▶ Data excerpts

--

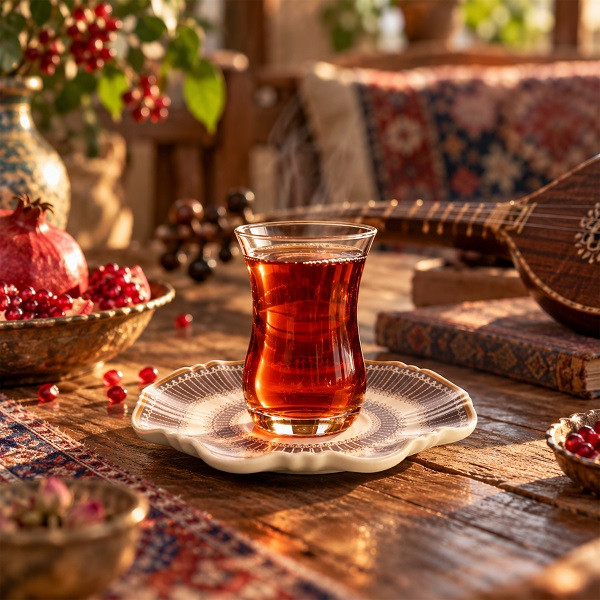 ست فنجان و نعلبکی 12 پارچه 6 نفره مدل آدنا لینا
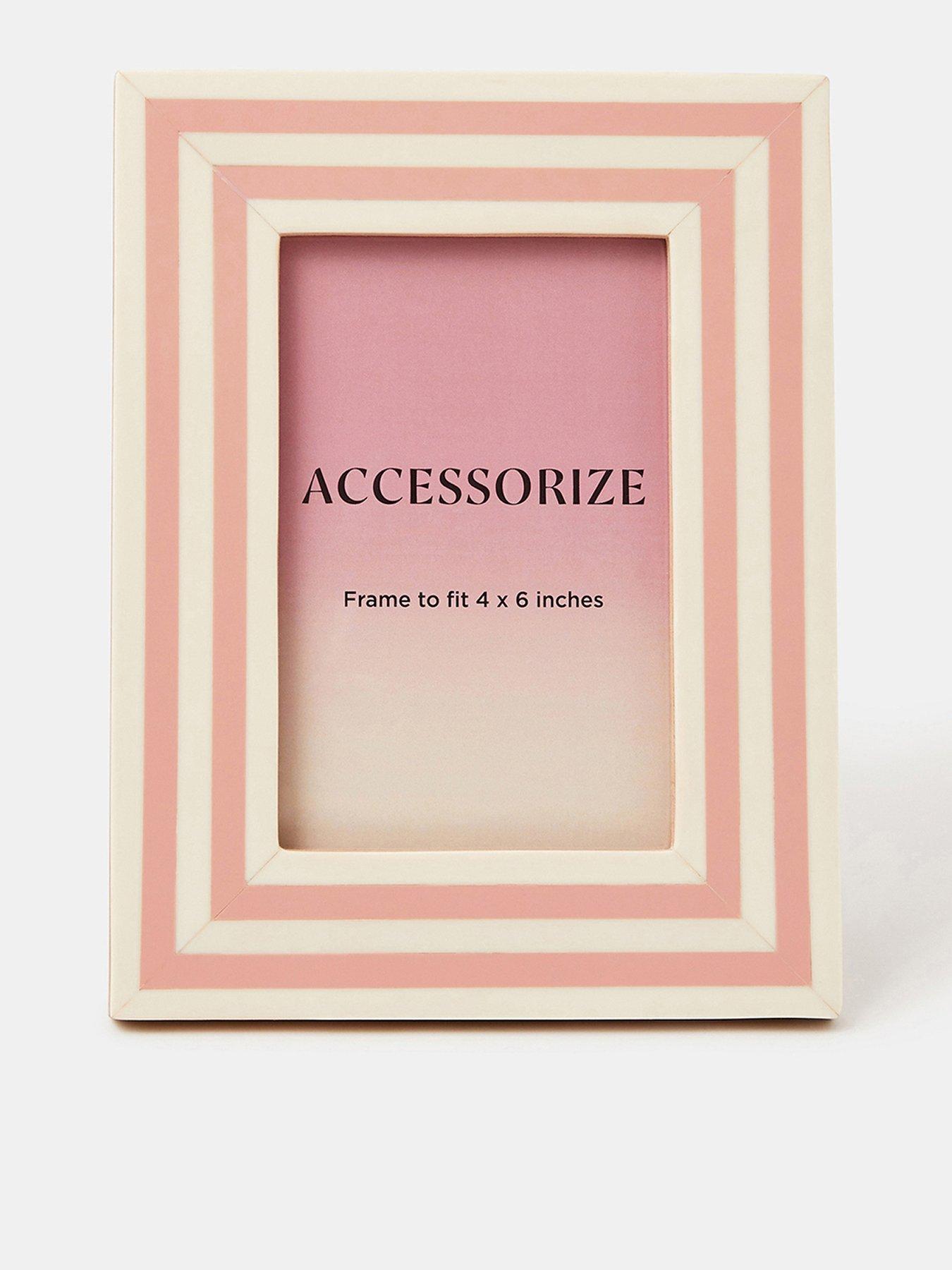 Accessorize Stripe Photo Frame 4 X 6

--

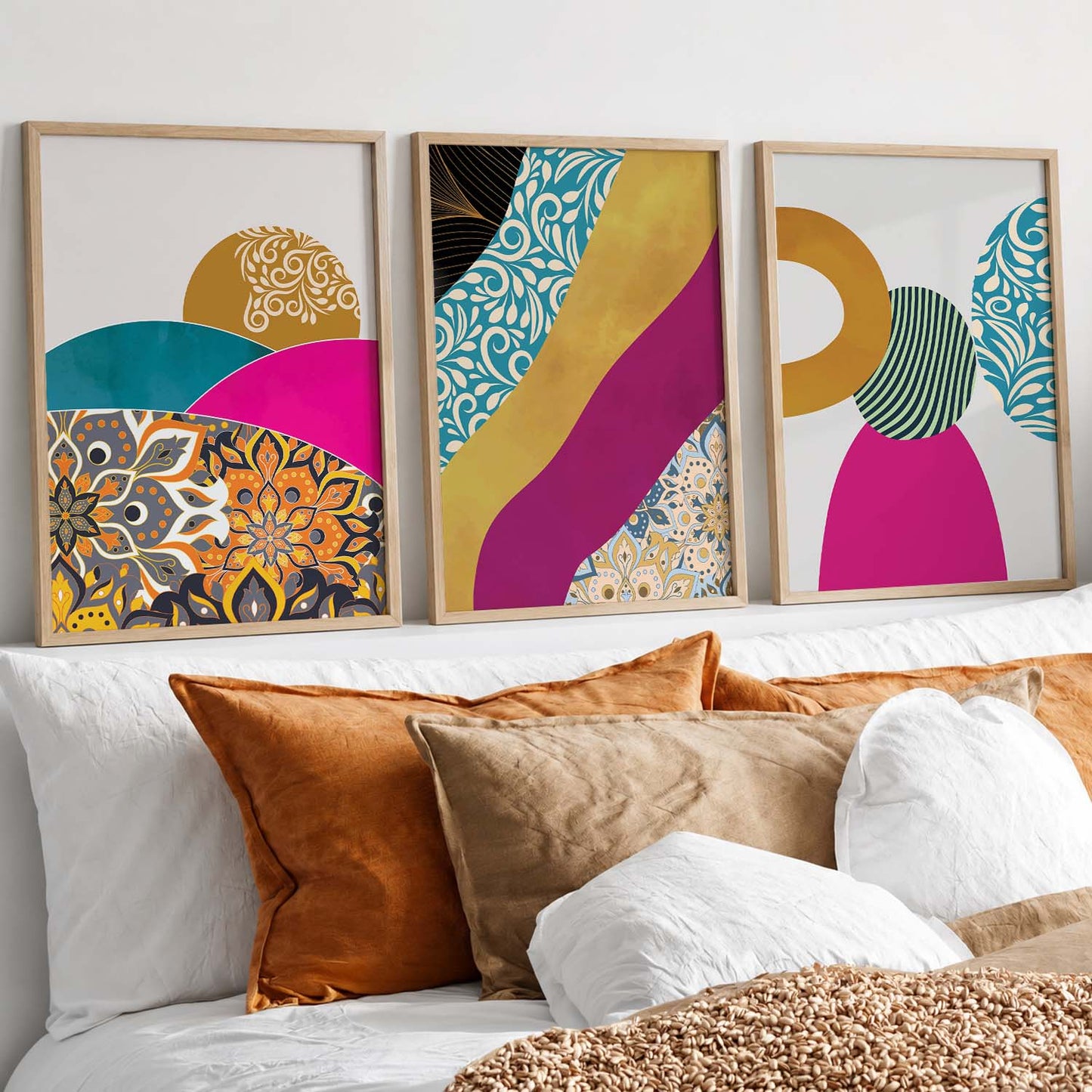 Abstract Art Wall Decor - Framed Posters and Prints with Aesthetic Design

--

▶ Exercise directions
An exact copy is needed. It runs from the line above containing "ست فنجان و نعلبکی" down to the line containing "Accessorize Stripe Photo Frame 4 X 6", both included, with no pictures.

▶ Written answer
 ست فنجان و نعلبکی 12 پارچه 6 نفره مدل آدنا لینا
 Accessorize Stripe Photo Frame 4 X 6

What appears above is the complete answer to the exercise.